While attempting to reproduce at 2.0.8, I was able to produce a similar, but different issue. When a write fails on a connection, Connection#writeHandler will call defunct on the Connection. In Connection#defunct, if the host for that connection is considered down PooledConnection#notifyOwnerWhenDefunct is called. This triggers the HostConnectionPool to close it's transport which closes all of it's connections. When closing each connection it needs to acquire the write lock on the channel.
The issue arises if you have multiple writes fail concurrently on a separate connection for the same host. In this situation each netty worker holds the writeLock for it's channel that has the failed write, so when it goes to close the other channels it will not be able to acquire the writeLock for the channel held by the other worker(s).

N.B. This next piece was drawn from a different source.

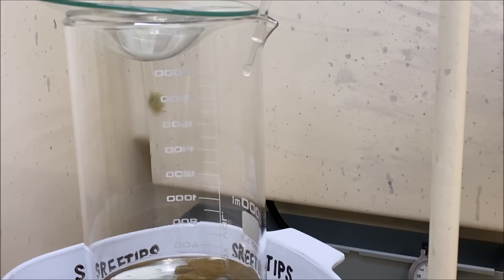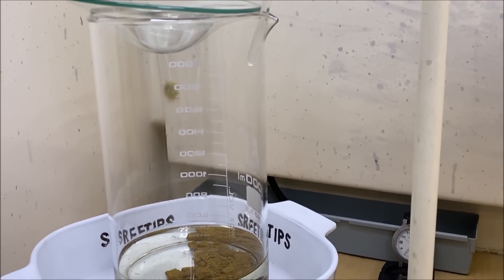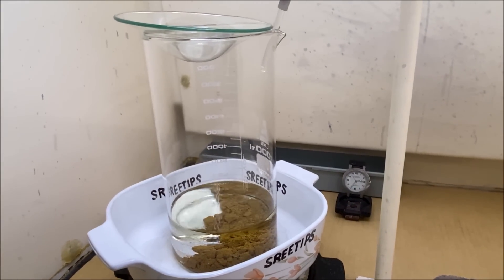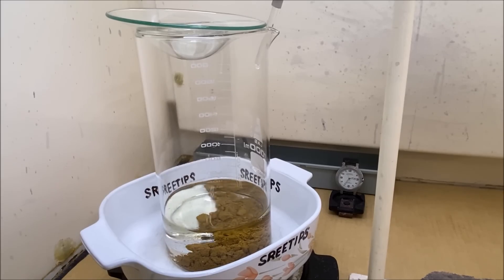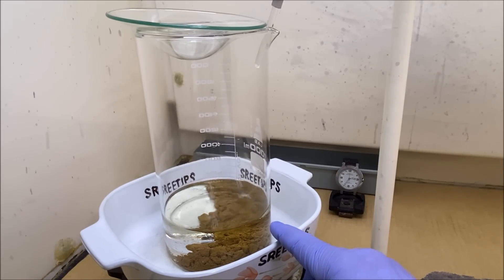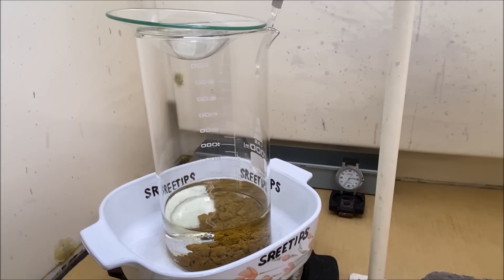Here you can see I'm dripping the hydrogen peroxide very slowly down into the acid-gold mixture in the beaker. What we'll do now is put this on time-lapse and dissolve this gold. We're going to use this dissolved gold as the electrolyte for the electrolytic gold refining cell.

I verified that both channel.writeLock objects belonged to different channels on the same destination host by doing a heap dump.
I was able to produce this by disabling a network interface belonging to a CCM node while running a stress test.
3 node ccm cluster running cassandra 2.0.8
I can reproduce this rather quickly on a 3 node cluster (0-5 minutes typically) with a targeted test scenario that injects connection resets on multiple connections simultaneously between a client connection and a particular host on both 2.0.8 and 2.1.3 driver versions. Could not reproduce with fix on 2.0 and 2.1 branch, marking as resolved.